**What you need to do**
Copy exactly the lines of the data below, beginning with the line with "cover: Adamdux - Arcade" and ending with the line with "Accogliente Loft Immerso". Pictures are to be omitted.

**Supplied data**
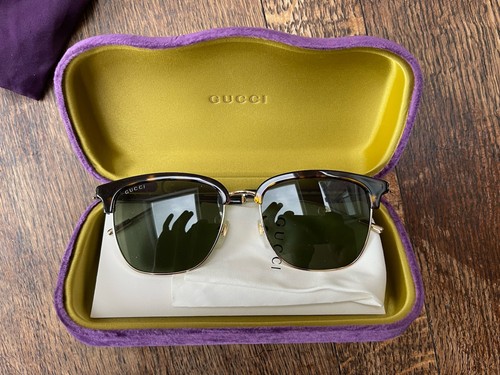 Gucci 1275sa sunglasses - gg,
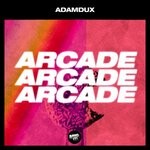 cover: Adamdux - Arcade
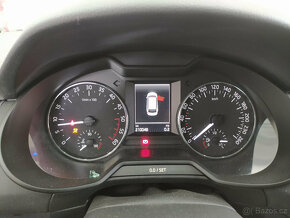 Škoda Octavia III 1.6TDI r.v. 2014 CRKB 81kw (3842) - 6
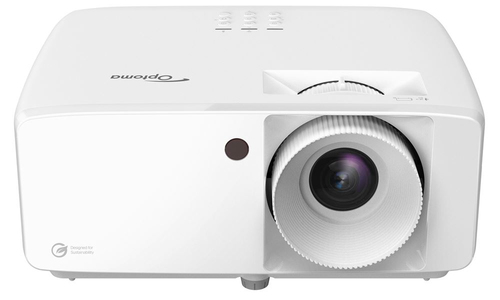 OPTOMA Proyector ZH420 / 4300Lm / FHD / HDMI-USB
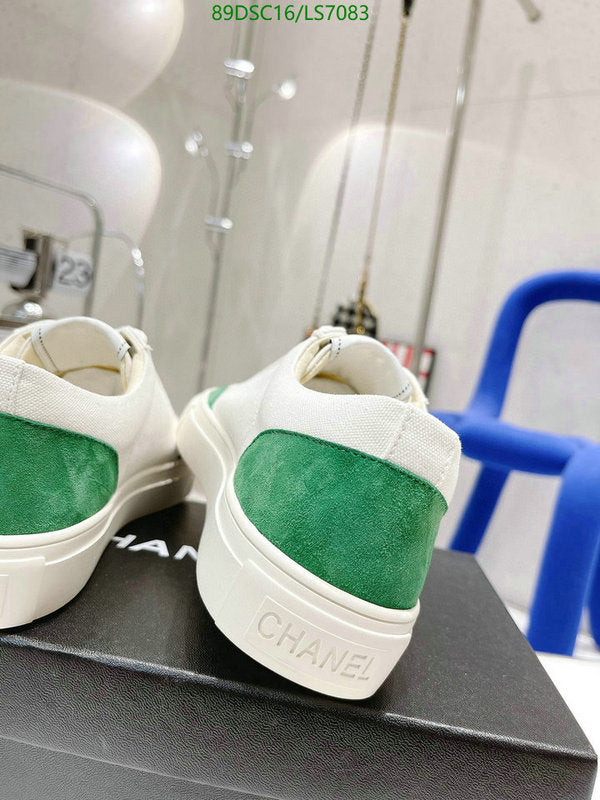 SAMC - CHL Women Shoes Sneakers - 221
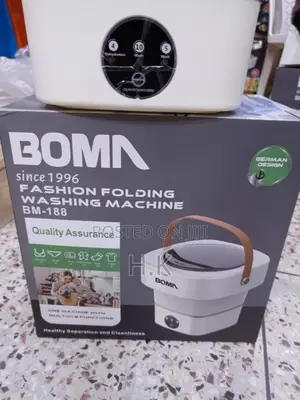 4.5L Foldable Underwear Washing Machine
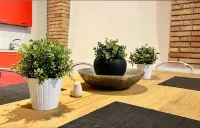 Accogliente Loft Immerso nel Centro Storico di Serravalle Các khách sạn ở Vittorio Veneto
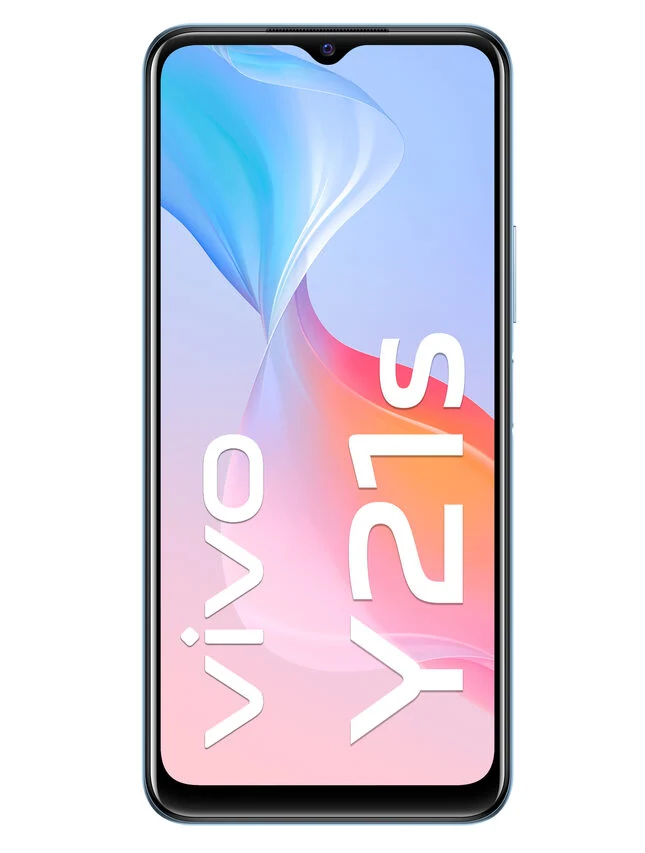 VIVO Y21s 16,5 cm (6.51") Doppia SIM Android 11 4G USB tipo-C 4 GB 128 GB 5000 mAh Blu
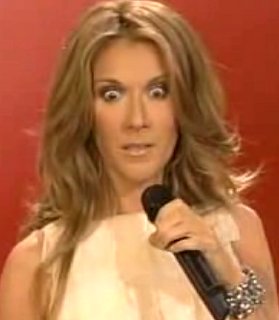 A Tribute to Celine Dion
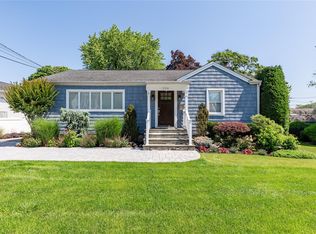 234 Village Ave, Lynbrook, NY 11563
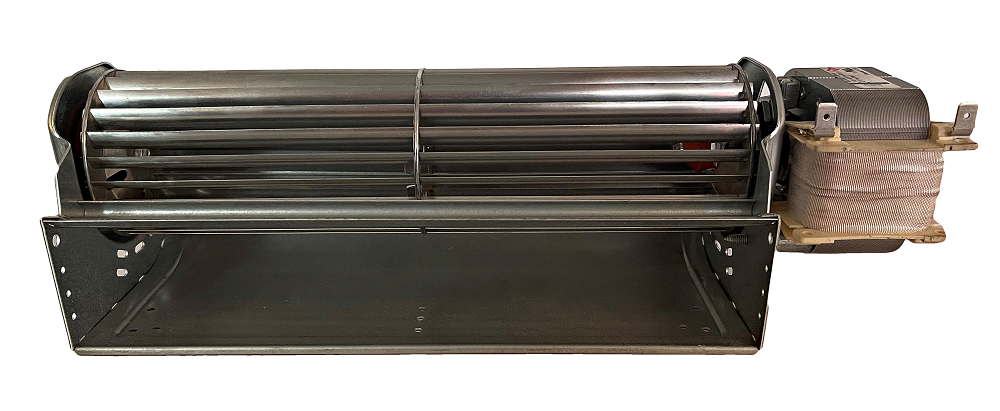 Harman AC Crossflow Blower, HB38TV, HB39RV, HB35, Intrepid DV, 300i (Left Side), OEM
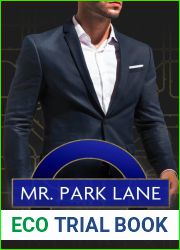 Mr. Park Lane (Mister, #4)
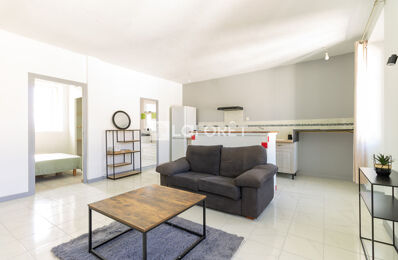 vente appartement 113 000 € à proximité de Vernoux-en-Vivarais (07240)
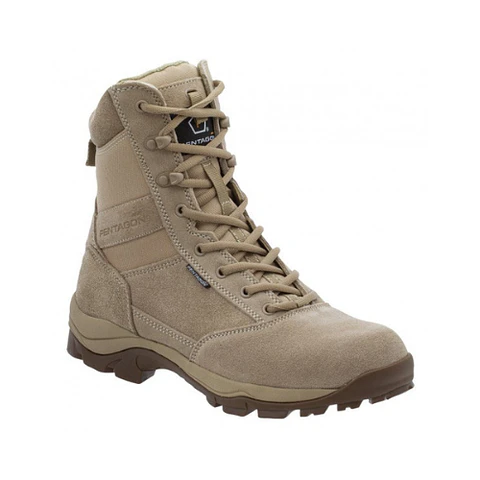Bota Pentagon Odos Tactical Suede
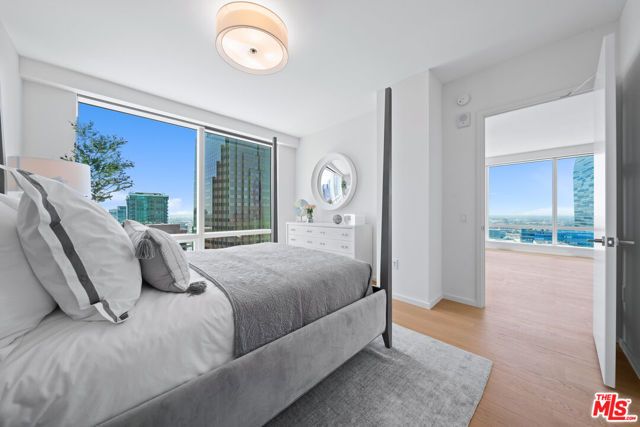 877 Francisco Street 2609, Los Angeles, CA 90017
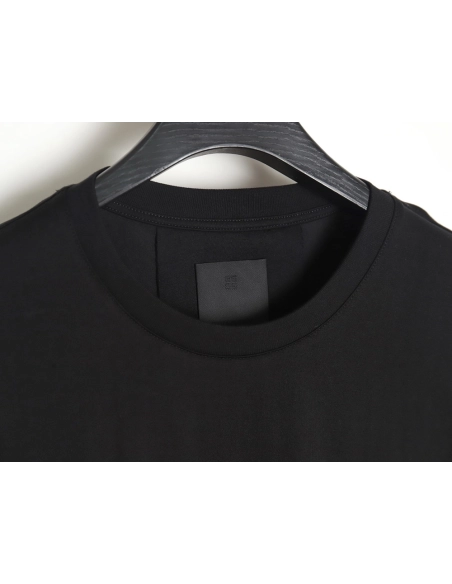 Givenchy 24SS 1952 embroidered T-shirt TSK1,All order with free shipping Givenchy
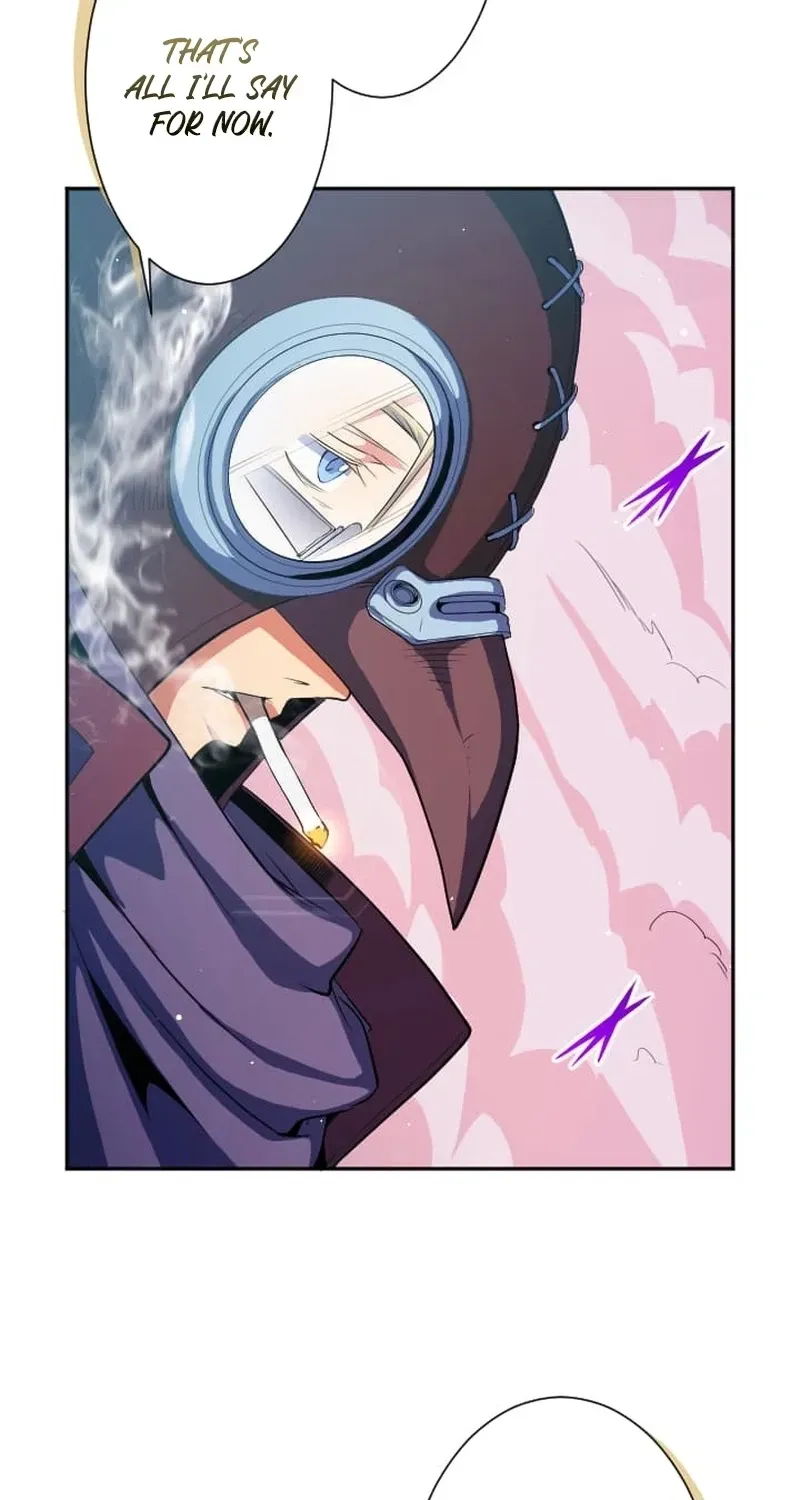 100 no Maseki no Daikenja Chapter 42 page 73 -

**Solution to the problem**
 cover: Adamdux - Arcade
 Škoda Octavia III 1.6TDI r.v. 2014 CRKB 81kw (3842) - 6
 OPTOMA Proyector ZH420 / 4300Lm / FHD / HDMI-USB
 SAMC - CHL Women Shoes Sneakers - 221
 4.5L Foldable Underwear Washing Machine
 Accogliente Loft Immerso nel Centro Storico di Serravalle Các khách sạn ở Vittorio Veneto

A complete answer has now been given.